終わったをクリックすると、リマインダーの一覧から消えます。ついでにリマインダーを設定した相手に「タスク完了したよ!」と通知してあげます

image.png

使い方はこんな感じです。

時間を細かく指定できる

every 3 hours や every 2 days など指定することで、お尻を叩く周期を選べます。

image.png

最短で1時間毎に相手をペンペンできます。

何人でも指定できる

1つのリマインダーに複数人を指定する事も可能です。一応、英語対応もしているため、slackの言語設定が日本語以外であれば、英語でお尻を叩いてくれます。

作ろうと思った背景

ケース1:自分の指示が忘れられる

エンジニア「あの、デザイナーさん、この画面のデザイン確認をお願いします」
デザイナー「はい分かりました」
エンジニア「頼んだやで」

(3時間後)

エンジニア「あのぅ・・・例のデザイン確認・・・」
デザイナー「あっ忘れてました。
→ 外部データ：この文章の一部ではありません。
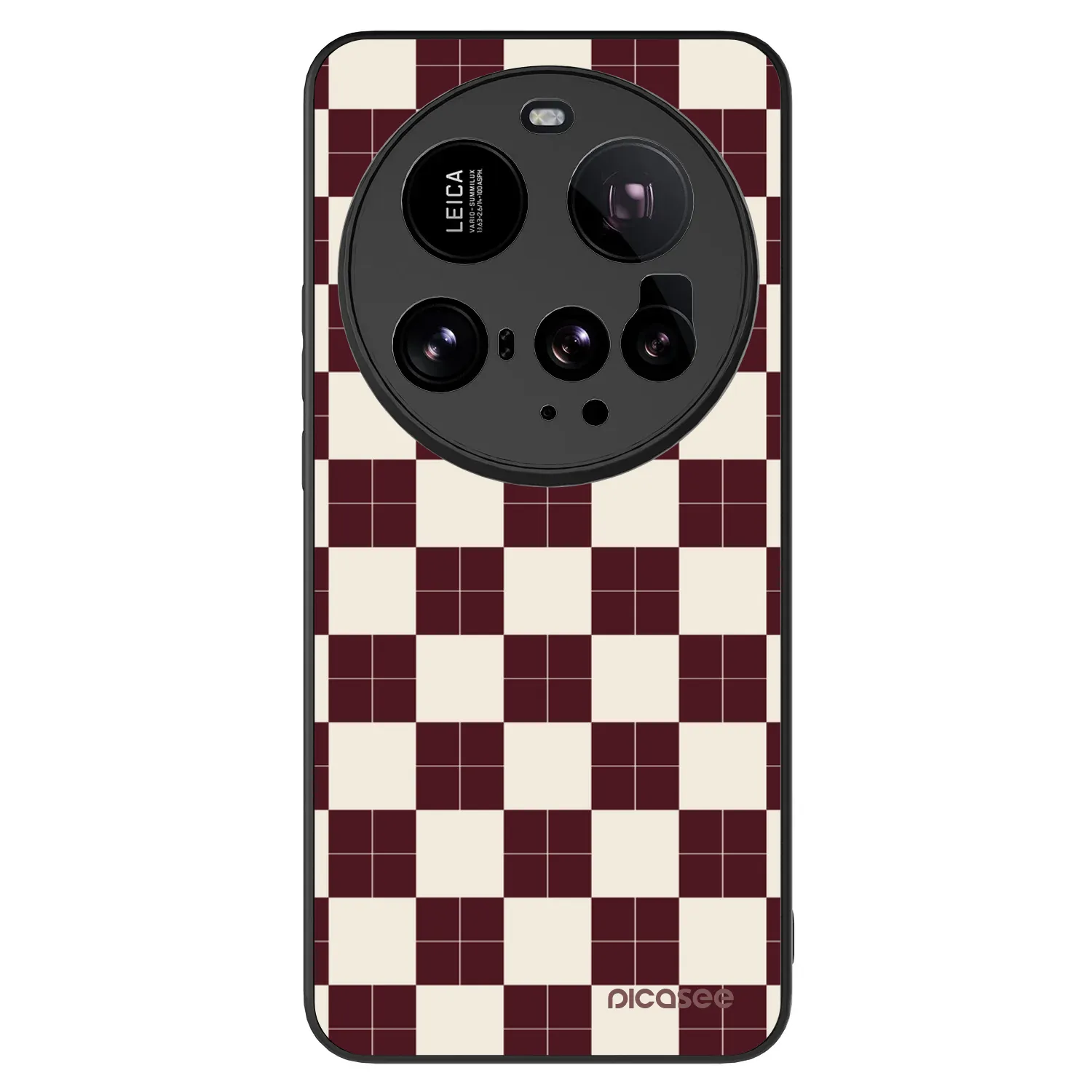 Picasee ULTIMATE CASE pro Xiaomi 15 Ultra - Checked Away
すぐやります」
エンジニア「頼んだやで」

(1時間後)

エンジニア「あの・・・・・」
デザイナー「あっ」

ケース2:相手からの指示を忘れる

エンジニア「うーん、ちょっと持ち帰らせてください」
企画「分かりました。じゃあ明日、結果を教えてください」
エンジニア「はいやで」

(明日)

企画「例の件どうなりました?」
エンジニア「あっ」

ケース3:自分から自分への指示を忘れる

エンジニア「あーしまった、ここのログ調査しなきゃいけないんだったー。trelloとか記載するの面倒だし、slackのreminderか、スマホのリマインダーでも設定しておこ」

(明日)

reminder「ログ調査やで」
エンジニア「今飯だから後でやるわ」

(3日後)

エンジニア「あっ」

.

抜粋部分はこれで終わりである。